The site doubles up as a sales-point on the Web as well as a branded ad for the family concern. Naturally, Kajaria will start putting up computer screens with his site on at all ceramic showrooms owned or franchised by his company.
First-time businessmen who think the Net can place them on the same footing as an Ambani or a Modi have come to the conclusion that e-tailing is the way to accomplish their goal.
Says Amod Dadich of BuyAsOne.com: “We know it is tough to exist on ad revenues alone. So, we took to e-tailing.” “BuyAsOne wants people wanting to buy a consumer good to come together on its site and bid down prices of goods to as low a level as possible. Companies selling products will be willing to give larger discounts if consumers can pool in their purchases. This gives these firms big volume sales,” he adds.
Dadich, of course, hopes to live off a 2-3 per cent commission he will charge from companies which sell their goods through his site.
Says Anil Sengupta, a financial consultant: “It does not pay for websites which e-tail to sell low cost or low-volume products, such as books.
This is one of the reasons why Amazon.com is a loss-making proposition even though it is one of the most popular sites on the worldwide Net,” he said.
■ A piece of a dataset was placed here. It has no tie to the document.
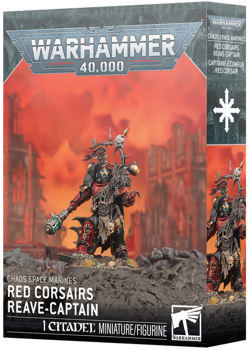 Red Corsairs Reave-Captain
The answer to the predicament, says Sengupta, is to sell high-value products or services that bring in more moolah.
He says he is currently advising a company on a revenue model based on re-selling customised software applications which would be submitted to the company by developers who do not have the wherewithal to sell on their own, or feel are being conned by existing buyers with a ‘crummy deal’.
“Essentially, the site will be a glorified agent for independent software designers, but we feel it is in a position to make money. It is not that everybody is deserting advertisers,” he added.
Chequemail.com, a popular Mumbai-based e-mail service, depends on advertisers to pay for its operations.
More important, it has gone a step ahead, sharing 30 per cent of its revenues with its registered e-mail users.
“We have already paid two installments to our subscribers,” a spokesperson for the service said. However, the actual revenue earnings of the site still remain shrouded under a cloud of secrecy.
K Satyanaryan, CEO of cricketinfo.com, takes a more realistic position, saying revenues from advertisements were a hot proposition only in the initial days of the dotcom rush.
“As the euphoria subsides and gives way to some serious bout of stock taking, it is now quite clear that ads on the website cannot fetch a lot of money in India, especially for the startups. If a website is rich in offerings, content syndication can turn out to be an important revenue stream,” he adds.